Core Insights - Esperion Therapeutics has signed a definitive agreement to acquire Corstasis Therapeutics to enhance its cardiovascular portfolio with the addition of Enbumyst, a bumetanide nasal spray approved by the FDA for treating oedema related to congestive heart failure, hepatic, and renal diseases in adults [1][3] Group 1: Acquisition Details - The acquisition involves Esperion purchasing all outstanding stock of Corstasis for an upfront cash payment of $75 million [1] - Corstasis shareholders may receive up to $180 million in additional payments based on regulatory and commercial milestones, along with low double-digit royalties on sales of Enbumyst and any follow-on products [2] - The transaction is expected to conclude in the second quarter of 2026 [2] Group 2: Product Information - Enbumyst is the first FDA-approved nasal spray diuretic, providing a self-administered outpatient option that may bridge the gap between oral and intravenous diuretic therapies for adults with oedema associated with liver disease, kidney disease, or heart failure [3] - Esperion plans to fund the acquisition through its current credit facilities and by monetizing its Japanese royalties via funds managed by Athyrium Capital Management and HealthCare Royalty [3] Group 3: Strategic Vision - Esperion's president and CEO, Sheldon Koenig, stated that this acquisition aligns with the company's long-term Vision 2040 and aims to bring meaningful innovation to patients struggling with diuretic therapy [4] - The integration of Enbumyst into Esperion's commercial platform is expected to drive sustained double-digit growth and strengthen the company's leadership in cardiovascular care [5] - In January 2024, Daiichi Sankyo Europe amended its existing collaboration with Esperion, valued at $125 million, further supporting the company's strategic initiatives [5]

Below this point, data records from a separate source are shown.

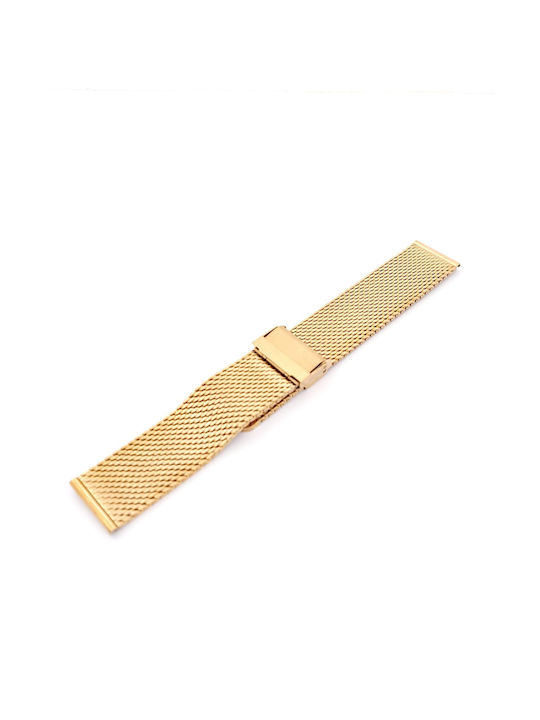 Metallic-Armband Gold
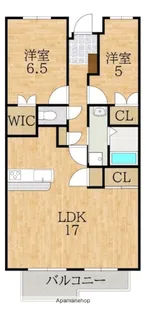 木津南パークサイドヴィレッヂ【2階】の間取り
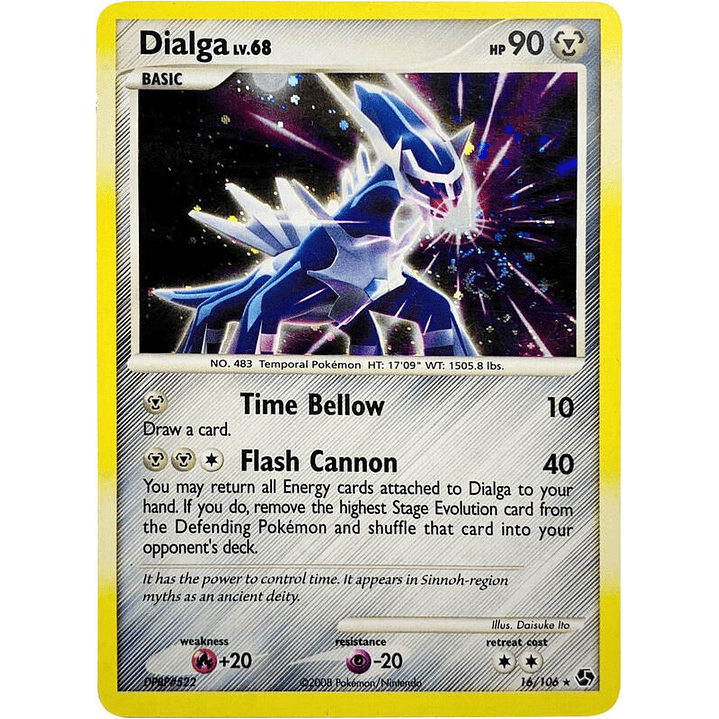 Dialga - 16/106 (Cosmos Holo) #016 1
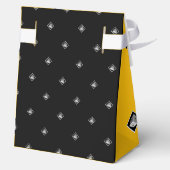 Pyramide Cube Schwarz-weiß gelb Geschenkschachtel (Rückseite)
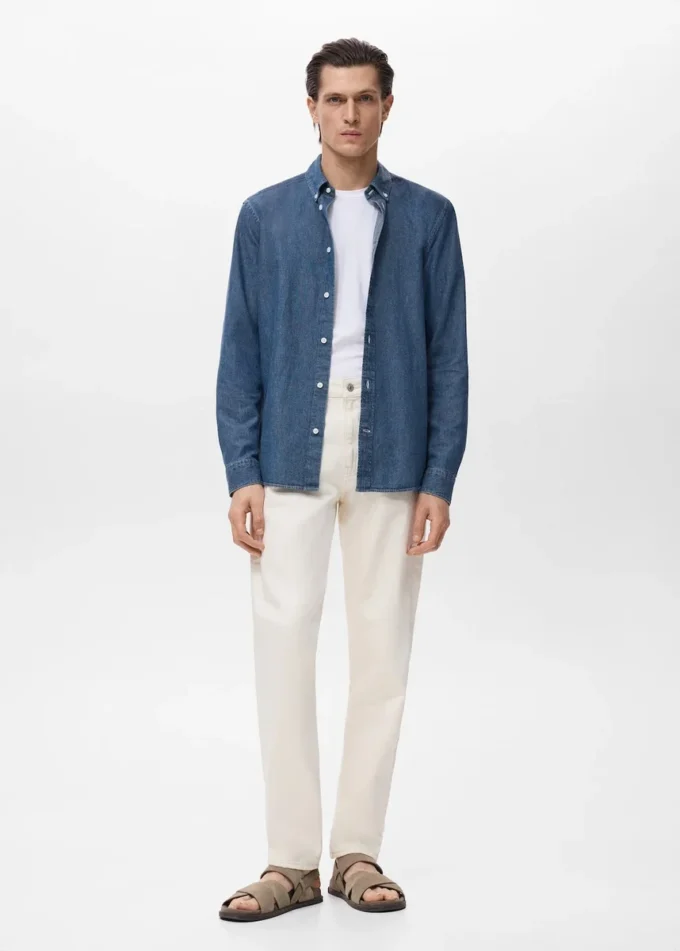 Koszula dżinsowa o regularnym kroju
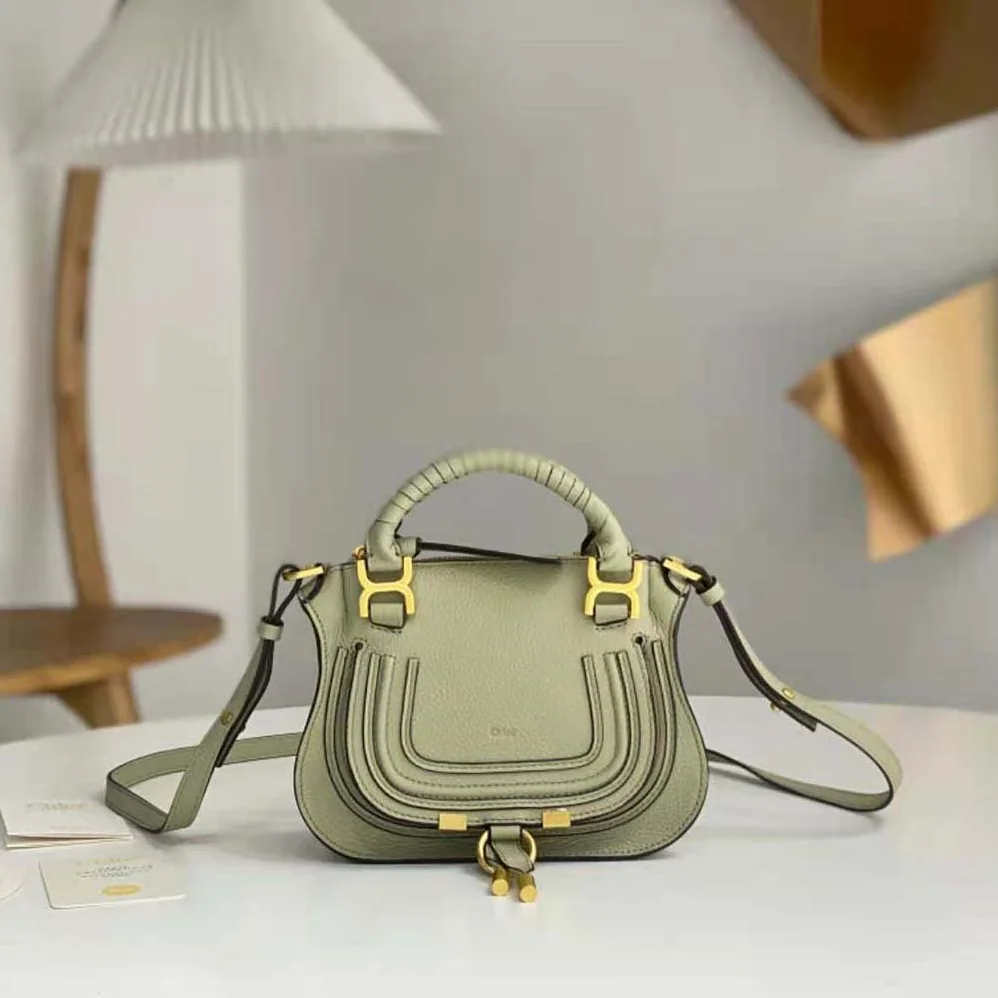 Chloe Marcie Mini Double Carry Bag for Women in Green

Core Viewpoint - Esperion Therapeutics has announced a definitive agreement to acquire Corstasis Therapeutics, which will enhance its cardiovascular franchise with the product Enbumyst [2][3]. Group 1: Acquisition Details - The acquisition involves an upfront cash payment of $75 million, along with royalties on worldwide sales of Enbumyst and potential milestone payments of up to $180 million [4]. Group 2: Product Information - Enbumyst is the first and only FDA-approved nasal spray loop diuretic specifically for treating edema associated with congestive heart failure [3]. - The acquisition is expected to leverage Esperion's established cardiovascular commercial infrastructure, thereby expanding its product portfolio and accelerating double-digit revenue growth [3].